The Lions again lead the league in Cover 1 snaps in 2020. And unsurprisingly, they are bad at it. Detroit ranks 27th in the league in efficiency, but its .33 expected points allowed per play in Cover 1 is the worst for the team in Patricia's three years. They have gotten worse at what they are supposed to be best at. In 2018, opposing quarterbacks produced a 79.3 passing grade against the Lions' Cover 1. That went up to 83.9 in 2019 and has ballooned to 91.2 this year.
Defending the pass is an interesting concept. The whole goal for the defense is, regardless of the coverage called, to get the quarterback off his first read. You hear this from every defensive coordinator at every level. “If we can get the quarterback off his first or second read, the pass rush will get there.” There’s a linear nature to it. The first step is forcing the quarterback to hold the ball. This is why we’ve found that pass coverage is more important than pass rush. The next step is the pass rush. This is where the Lions have struggled mightily for three seasons.
Quarterbacks playing against the Lions' Cover 1 defense have all the time in the world to progress through their reads. Over Patricia's three seasons, the average time to throw against them is 2.98 seconds, 2.99 seconds and 2.82 seconds.

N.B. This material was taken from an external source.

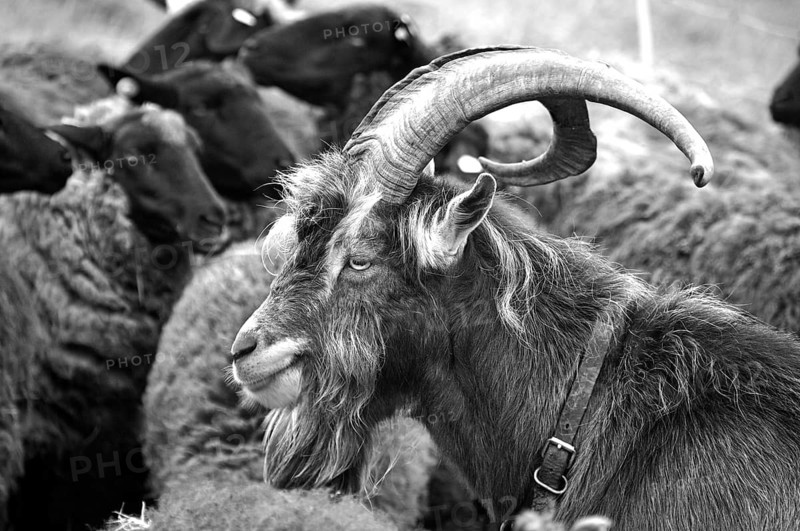 Goat (Capra aegagrus hircus), Thuringian billy goat, black and white, Rögnitz, Mecklenburg-Western Pomerania, Germany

Let’s look at some other coaches running the same man coverage set up. The 2018 Kansas City Chiefs and Tennessee Titans were just behind the Lions and Patriots in man coverage use that season — opposing teams' average time to throw was 2.61 seconds and 2.74 seconds, respectively. The Dolphins are at 2.77 seconds and 2.78 seconds in the two seasons under Brian Flores. Houston is at 2.51 seconds, 2.85 seconds and 2.73 seconds under former Patriot man Bill O’Brien until recently.
A defense just cannot allow a quarterback to hold on to the ball for almost three seconds and expect its man coverage players to hold up. In 2020, the average time to throw against Cover 1 across the league is 2.65 seconds.

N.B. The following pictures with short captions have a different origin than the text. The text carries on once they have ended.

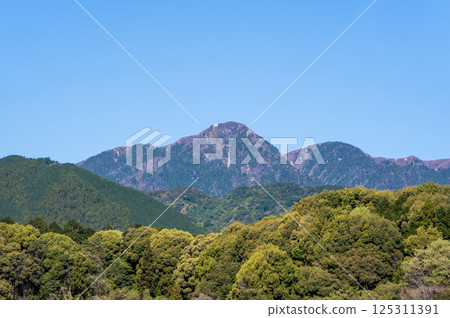 春天的御在所山和山麓的新綠 125311391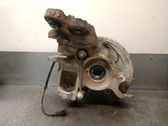 Rear wheel hub spindle/knuckle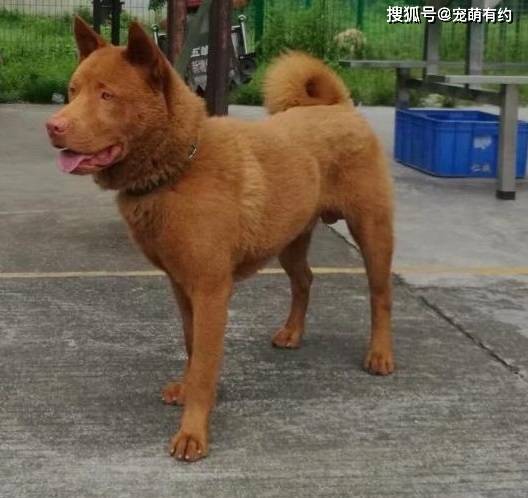 原创中华名犬,广东五红狗和广西笔尾灰犬,已濒临灭绝,急待拯救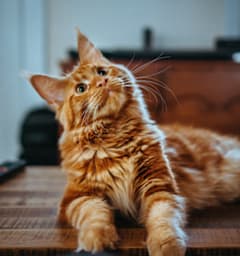 A ginger cat with a fluffy coat is lying on a wooden surface.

This is also where we start to distinguish between two different types of Cover 1. With a blitz of five or more defenders, the coverage means none of the man players have help over the low middle of the field but still have safety help deep. A four-man rush allows for a low-hole or rat defender to pick up and replace any crossing routes or slants in the underneath middle of the field. While in both coverages there is a deep, centerfield free safety and everyone else is playing man coverage, the techniques are different. The Lions — and you already knew this — were bad at both types. No matter what they did, they couldn't get to the quarterback.
Let’s start with Cover 1 and four or fewer defenders rushing the quarterback. There have been 72 instances since 2018 where a team played at least 50 snaps of this in a season. The Lions rank 46th, 54th and 65th in expected points allowed per play among them. The Patriots have the first-, fifth- and 67th-ranked teams, but that’s neither here nor there. When looking at the pass rush for this coverage, we want to use the pass-rush “wins” stat. These plays are usually going to be straight rushes from the defensive line, so we need to see which defenders are winning their battles against the offensive line. Yet, the Lions ranked 23rd in win percentage in 2018, 27th in 2019 and 20th this year.
That’s clearly bad, so let’s see how they do when they blitz and play man. There have been 92 instances since 2018 where a team played at least 25 snaps of this in a season. The Lions rank 77th, 82nd and 85th in expected points allowed per play among them. The Patriots rank third, 16th and 37th, but again, that’s neither here nor there.
We are going to look at pressure rate for this type of defense because with all the loops and stunting that come with a blitz, the goal is to try to get free rushers and not necessarily just beat the guy in front of you. The Lions ranked 13th in pressure rate in 2018, 18th in 2019 and 25th this season.
When a team can’t do the things it spends most of its time theorizing about and practicing every day at even a league-average level, something must change. But instead of waiting for Matt Patricia to change, the Lions' organization made a change themselves by removing him and general manager Bob Quinn ahead of a massive rebuild.